What happens is that these pods grow from seeds that have drifted down from outer space. The seeds produce pods that grow into imitations of individuals human beings, with all of the details of the original but without any emotions such as love or hate. The pods finally seem to win.

Right away, there are questions about just how this business works. At least in this version we know what happens to the old, original bodies when they're replaced. They turn into some ashen fluff that's thrown out with the garbage. The 1956 version left that manhole uncovered.

And yet this one is pretty cavalier with the dynamics of podification too. Both versions show that the target person has to be asleep in order for the pod to replace him or her. But in neither version is it clear that the pods must be in physical proximity to the victim. Much is made here of the victim putting the evil flower next to his bed so it can more easily take over while he's asleep. But sometimes, as in the case of Elizabeth (Brooke Adams), she falls asleep out in the middle of nowhere and her replica arises from nearby reeds, where no pod has ever had any reason to tread.

And this version, unlike the earlier one, has scenes that suggests thin slimy tendrils must creep up a victim's arm and into his sleeping nose and eyes in order to complete the process. At other times the tendrils are evidently superfluous.

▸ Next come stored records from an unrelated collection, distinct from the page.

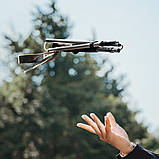 Трекінгова палиця Naturehike CNK2450DS016, 110 см, сіра Baumar - Завжди Вчасно, фото 6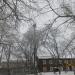 Советская ул., 44 в городе Сокол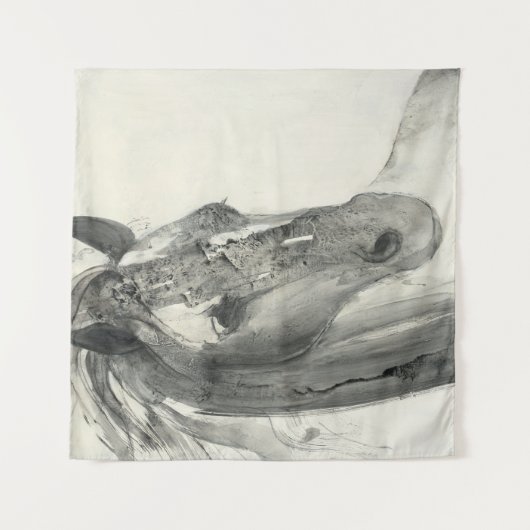 風I タペストリー (正面)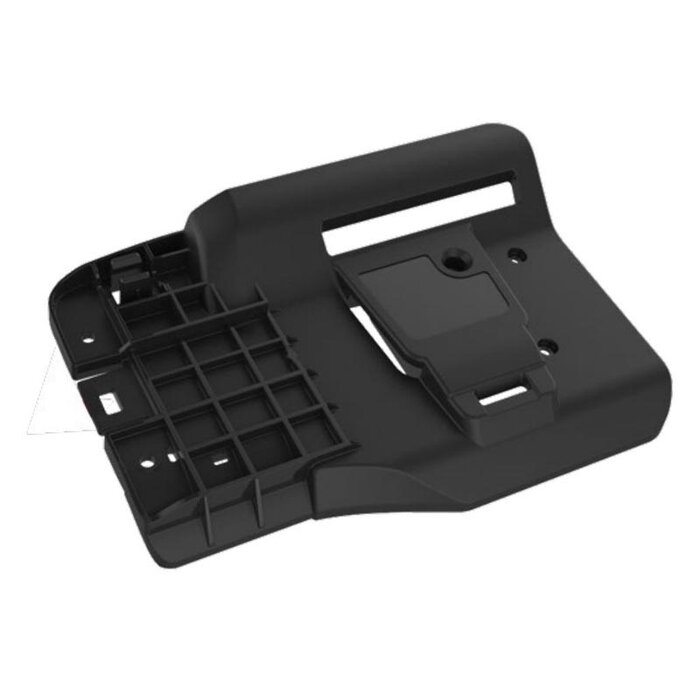 Zebra ACC-WT6XCLTMNT-01 - Patin de montage Zebra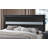 Blanding Platform Storage Bed-559396905-650600586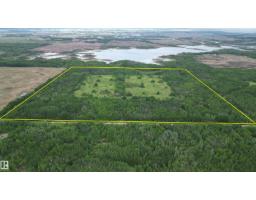 Twp Rd 833, Rural Clear Hills M.d., Alberta T0H 2A0 (29864096)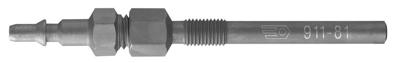 Facom dummy bougie diesel 8mm - 911-81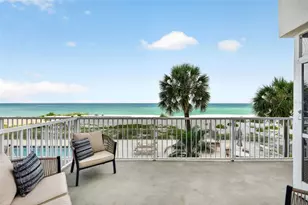 633 Alhambra Rd, Venice, FL 34285 - Photo 9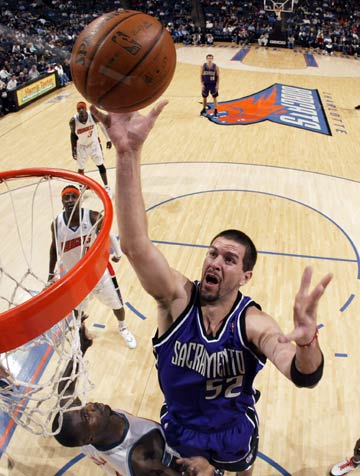 的团队依托 的团队依托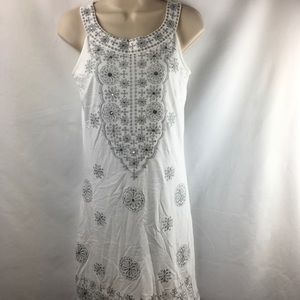 INC international concept Dress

Then too, if the replicants are as they say, devoid of emotion, well then how do they -- well, reproduce? Do they pollinate?

Now, this movie, like the successful pods, is a replicant too. But it's not bad for what it is. There's a playful element to the script and the direction that reflects its Zeitgeist, as did the original. If the 1956 version was all about a small community in which everyone knew and trusted everyone else, and everyone was kind and generous, and the conformity was stultifying but satisfying, that's kind of what the 1950s were like -- full of what Emile Durkheim called mechanical solidarity.

Eighteen years that happened to encompass the 1960s is a long time between an original and a remake. And this update is bound to a particular location, San Francisco, a big beautiful wide-open city, not an encapsulated village. The ludic spirit informs this later version, so the script has several jokes in it. When a formless, lifeless dead body with some revolting attributes appears in a mud bath, the proprietress (Veronic Cartwright) warns the others, "Don't touch it! You don't know where it's been!" As if it were a stray cat.

In the original, a treacly Spanish song leads Matt Binnell (Kevin McCarthy there, Donald Southerland here) to believe that anyone listening to such beautiful music must be human. Here, the music Bennell hears is "Amazing Grace" on the bagpipes. That piece is a commercial and artistic cliché by now, but it wasn't in 1974. The fad for the hymn on bagpipes may well have been started by the piper who played every Saturday night at The Edinburg Castle on Geary. Kevin McCarthy, by the way, has a cameo as the guy who flops on the hood of Southerland's car and screams, "They're coming! You're next!" And the director of the 1956 version, Don Siegel, appears as a taxi driver who is a pod person.

San Francisco is a strangely tolerant city and is probably the most suitable American place to develop a contrast between ordinary citizens and those who are emotional black holes like the pod people. Example. An acquaintance of mine, Waldo, who appeared as an extra in this movie, was a successful artist in Berkeley and while I was chatting with him about his work, which IMHO was pretty good, he described how he got his ideas. Whenever he had an interesting dream he would wake up and quickly sketch the images and take a few notes. To wake him up, he wore around his head a band that had jingly bells sewn onto it, in the belief that when he dreamed his head rolled around more actively. His wife, sitting next to him on the couch, remarked laconically, "I guess it works if you say so, Waldo, but it still feels a little weird to sleep next to a guy with bells on his head." She didn't CARE that Waldo wore a fool's cap to bed, and neither would anyone else. That's what I mean when I described the city as tolerant of alternative approaches to life. Nobody cared if Harvey Milk was gay or the Emporer Norton claimed to rule California or a Viennese weight lifter was elected to the post of governor. In 1982 one of the candidates for a city office was a male transvestite, Sister Boom Boom, who wore a miniskirted nun's outfit and sported garish makeup and high heels. Her platform? "Nun of the above." She was on the ballot as an official candidate. You can see, I hope, that there could hardly be a greater contrast between some of these people and the pods. I wouldn't have wanted the remake to be filmed anywhere else.

The movie is a good remake but not without its flaws. Why does it have to end so pessimistically? And that pig-like squeal with which converts point out the unconverted is a bad idea. It's unpleasant to listen to and unsubtle. In the novel the pods sensibly gave up because resistance was too strong. They floated back into space. That kind of discretion is sometimes a perfectly reasonable way to get out of a tight spot.